MFTCXplain: A Multilingual Benchmark Dataset for Evaluating the Moral Reasoning of LLMs through Multi-hop Hate Speech Explanation
Jackson Trager | Francielle Vargas | Diego Alves | Matteo Guida | Mikel K. Ngueajio | Ameeta Agrawal | Yalda Daryani | Farzan Karimi Malekabadi | Flor Miriam Plaza-del-Arco
Findings of the Association for Computational Linguistics: EMNLP 2025
Jackson Trager | Francielle Vargas | Diego Alves | Matteo Guida | Mikel K. Ngueajio | Ameeta Agrawal | Yalda Daryani | Farzan Karimi Malekabadi | Flor Miriam Plaza-del-Arco
Findings of the Association for Computational Linguistics: EMNLP 2025
Ensuring the moral reasoning capabilities of Large Language Models (LLMs) is a growing concern as these systems are used in socially sensitive tasks. Nevertheless, current evaluation benchmarks present two major shortcomings: a lack of annotations that justify moral classifications, which limits transparency and interpretability; and a predominant focus on English, which constrains the assessment of moral reasoning across diverse cultural settings. In this paper, we introduce MFTCXplain, a multilingual benchmark dataset for evaluating the moral reasoning of LLMs via multi-hop hate speech explanations using the Moral Foundations Theory.
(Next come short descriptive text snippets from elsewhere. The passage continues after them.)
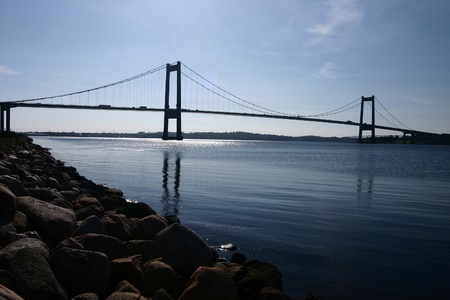 Bridge in denmark between Jylland and the island of Fynの写真素材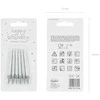 Party Deco Gimtadienio torto žvakės paprastos sidabrinės 6cm 6 vnt.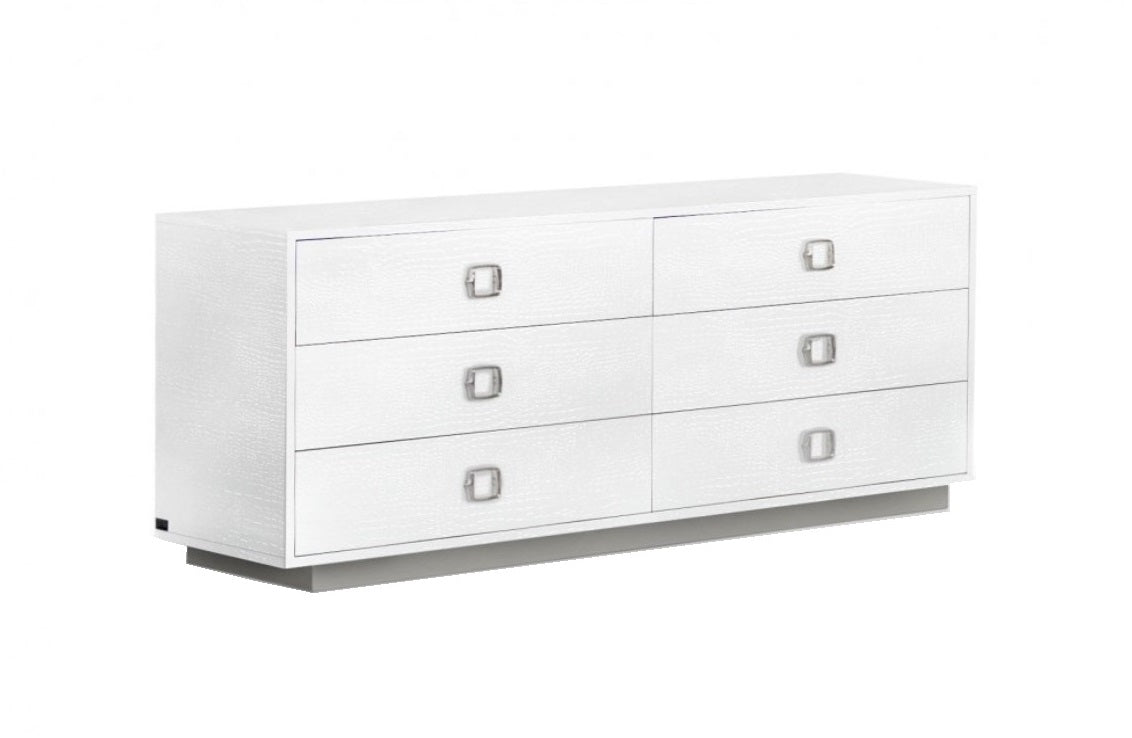 A&X Victoria - Modern White Crocodile Dresser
MFTCXplain comprises 3,000 tweets across Portuguese, Italian, Persian, and English, annotated with binary hate speech labels, moral categories, and text span-level rationales. Our results show a misalignment between LLM outputs and human annotations in moral reasoning tasks. While LLMs perform well in hate speech detection (F1 up to 0.836), their ability to predict moral sentiments is notably weak (F1 < 0.35). Furthermore, rationale alignment remains limited mainly in underrepresented languages. Our findings show the limited capacity of current LLMs to internalize and reflect human moral reasoning.